I am a 21yr old female from the uk, I want to come to australia on a working visa for a year, i want to travel for a few weeks, then settle and find a job fruit picking or what ever i am not fussy, but there's a few things i would really appreciate some advice on as I dont know anyone who has travelled before - 

1. Would £2,500 GBP be enough money to enter the country on a working visa? 

2. I am looking to travel for maybe a few weeks untill my money starts running out, then I am planning on finding a job, where would the best place to do this be? I would like to go somewhere lively on the coast, but when the time comes, a job is easy to find?

I have my flight and visa money saved, I just dont want to book it untill I am sure £2,500 will be enough to last a few weeks and where I need to book my flight to!

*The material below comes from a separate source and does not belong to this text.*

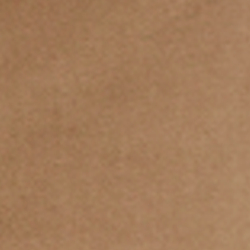Dispatch Tan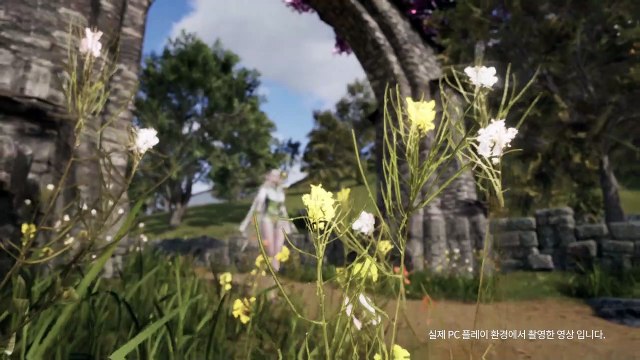 Neues MMORPG aus Korea zeigt ersten Trailer - Bietet wunderschöne Grafik, aber hat einen Haken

All answers would be really appreciated as I have no idea where to start!


----------



## pommy123 (Jun 6, 2013)

hey im from England too and came out here when i was 21. 2500 is fine and i work at a brilliant call center in Sydney who is always recruiting English and Irish for 40 hours a week. Get in touch and i will sort you out if you fly into Sydney.


----------



## lau1992 (Jun 12, 2013)

do u have facebook ?


----------



## Travler99 (Feb 6, 2014)

Hi Guys,

Arriving on £2,500 GBP doesn't sound like much money at all. You would want to be getting a job right away and avoid travelling. I've saved up £15,000 GBP, but I still think I want to work first and get the 88 days specified work out of the way.

I;m using Fruit Picking Jobs to research job, I've found it very useful. What sites have you used? I signed up as premium member to get the bank account and tax file setup along with discounts and deals. Worth is for like £2.50 GBP per month or £15 GBP a year.

How did you end up going Lau1992?


----------



## Garth (Apr 3, 2014)

As long as you're proactive in finding a job you shouldn't have too many issues.


----------



## Gayle85 (Jan 21, 2014)

Hey, the minimum requirement for entering the country is $5k (or was when I came!) but they rarely check. 2500 pounds is not far off this so if you were to be checked, you'd be fine! I came with about that and found myself needing work after about a month and a half. 

In terms of farm work and where you need to fly into, check where the work is in terms of seasonality when you get here. For example, now is a good time to be in Queensland as there is a lot of work starting this time of year. But is also depends what farm work you want, if you want to do cattle mustering rather than veg/fruit picking or packing, then you may not get paid as much but it opens up options as to location. 

Have you booked now? Or are you here? Let us know how you're getting on! :0)


----------